Ein Hotel an einem Bahnhof zu eröffnen, es sei denn, es handelt sich um einen kleinen Weiler, war immer eine gute Idee. Mit der Namensgebung mussten sich die Hoteliers nicht anstrengen. Viele nannten ihre Etablissements »Hotel zur Eisenbahn« oder in Frankreich »Hôtel du Chemin de Fer« – in zahlreichen Variationen. Die Gäste wussten intuitiv, wo sie ihre Bleibe zu suchen hatten.

In großen Städten wie Paris, London oder Berlin war und ist es empfehlenswert, ein wenig spezifischer zu sein. In Lüttich schien das offenbar nicht notwendig zu sein.

Als Maigret versuchte, zu ergründen, warum sich Louis Jeunet umgebracht hatte, stieß er in Bremen auf den Geschäftsmann van Damme. An den Aspekten des Falls war einiges komisch, im Sinne von merkwürdig. Nicht so verdächtig, dass man dafür durch mehrere Länder reisen müsste. Das Verhalten dieses Typen jedoch, sein ständiges Auftauchen, dieses Anbiedern – das war Maigret suspekt.

Nach einem Vorfall auf der gemeinsamen Rückfahrt der beiden von Reims nach Paris stand van Damme im Fokus der Ermittlungen. Als der Kommissar erfuhr, dass der Mann nach Lüttich fuhr, machte er sich auch gleich auf die Socken. Im Nachtzug ging es nach Belgien.

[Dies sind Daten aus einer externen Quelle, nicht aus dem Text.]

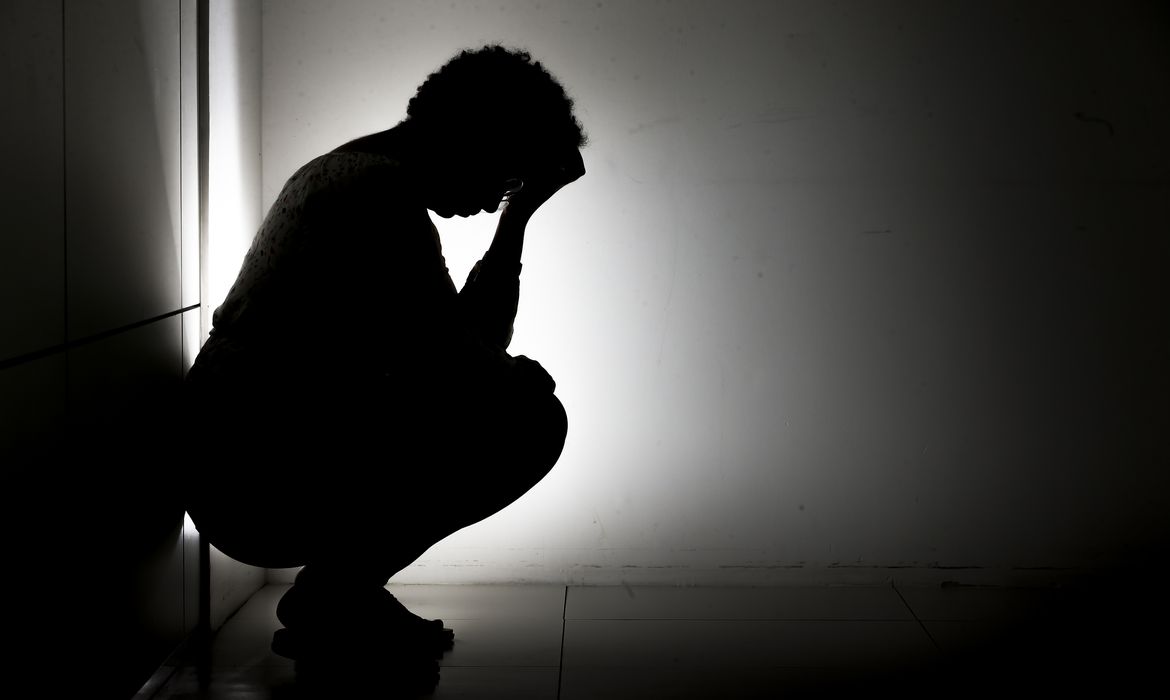 Pandemia provoca aumento global em distúrbios de ansiedade e depressão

Wer es noch nicht gelesen hat, das lief so ab: Maigret fährt mit dem Taxi zum Bahnhof, Schnitt, Maigret kommt aus dem Hotel.

In Lüttich

Was wir zuvor erfahren haben, war, dass dieser Nachtzug am nächsten Morgen um sechs Uhr in der ostbelgischen Stadt war. Maigret nahm sich ein Zimmer in dem Hotel. Schlafen lohnte nicht mehr, er wollte sich nur frisch machen. Dabei könnte ich mir vorstellen, dass wir auch etwas über die Vorlieben des Kommissars erfahren:

Um acht Uhr morgens verließ er das »Hôtel du Chemin de Fer« gegenüber vom Bahnhof Lüttich-Guillemins. [...]
Gare des Guillemins (etwa 1916 – Lizenz: Public Domain)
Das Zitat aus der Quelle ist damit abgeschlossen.